[DATA SECTION — start]

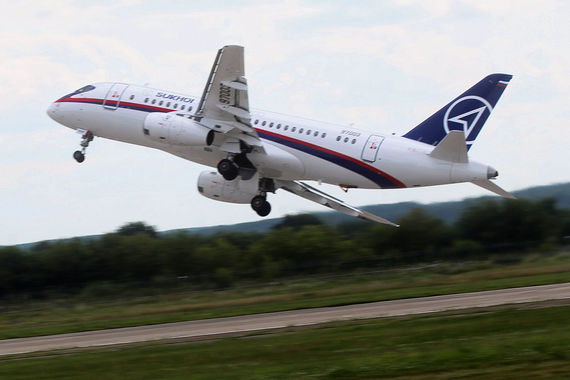 Sukhoi Superjet 100 на авиасалоне МАКС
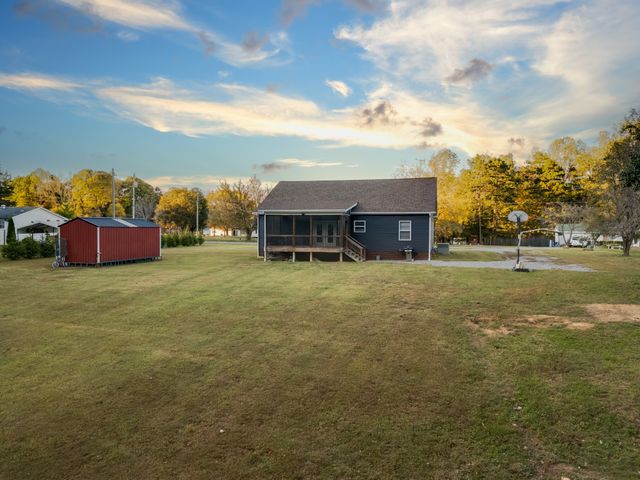 838 Old West Point Rd, Smithville, TN 37166
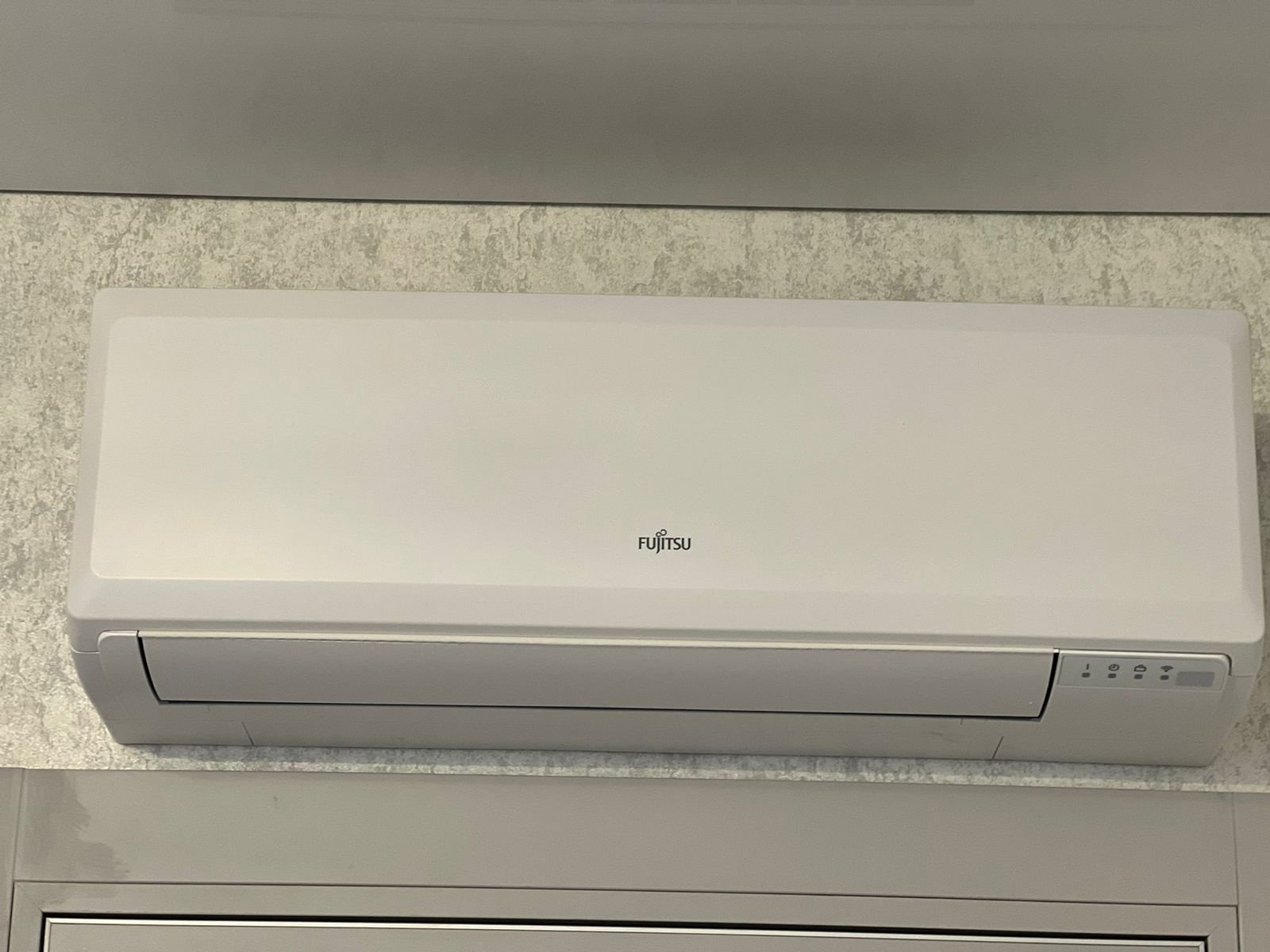 В г. Санкт-Петербург на Набережная Матисова канала д.3 установили две сплит системы Fujitsu серия clarios.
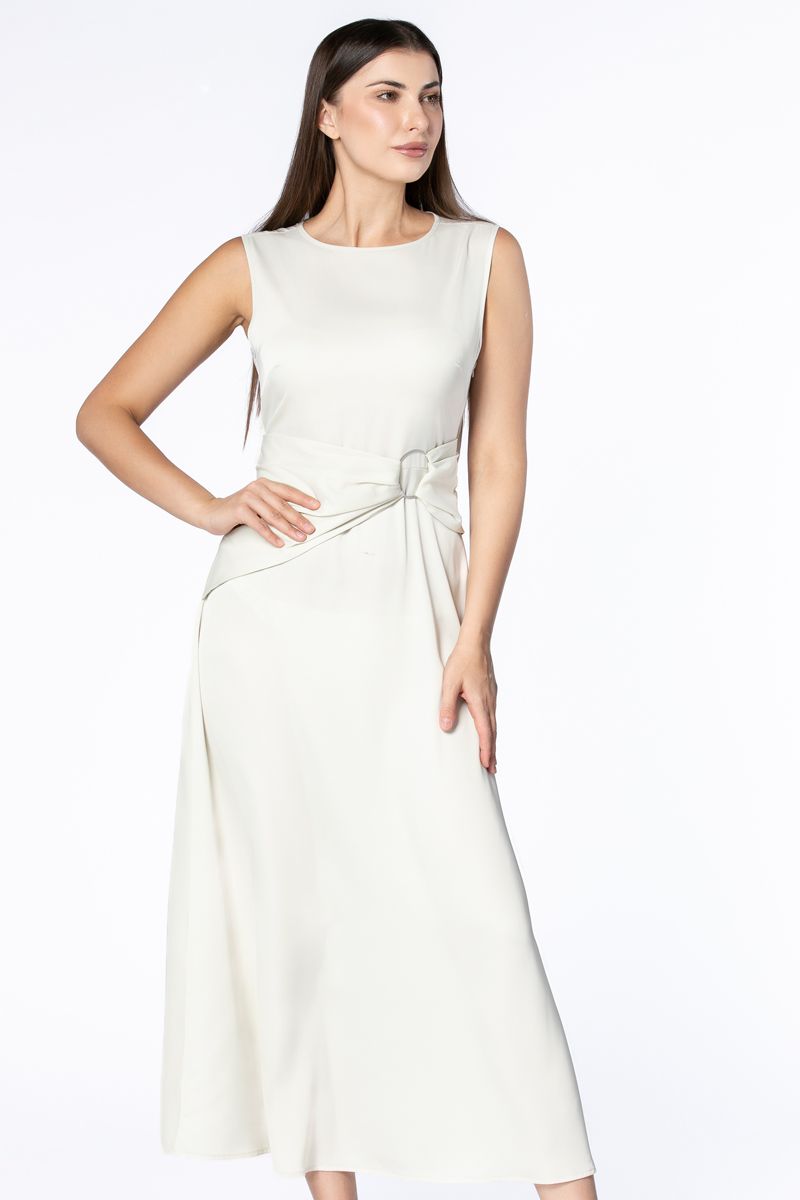 فستان نسائي طويل بلون موحد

[DATA SECTION — finish]

● THE PROBLEM:
Every line from the one holding "838 Old West Point Rd, Smithville, TN 37166" through the final line of the data above is to be reproduced exactly, both ends included, with the pictures left out.

● ANSWER SPACE:
 838 Old West Point Rd, Smithville, TN 37166
 В г. Санкт-Петербург на Набережная Матисова канала д.3 установили две сплит системы Fujitsu серия clarios.
 فستان نسائي طويل بلون موحد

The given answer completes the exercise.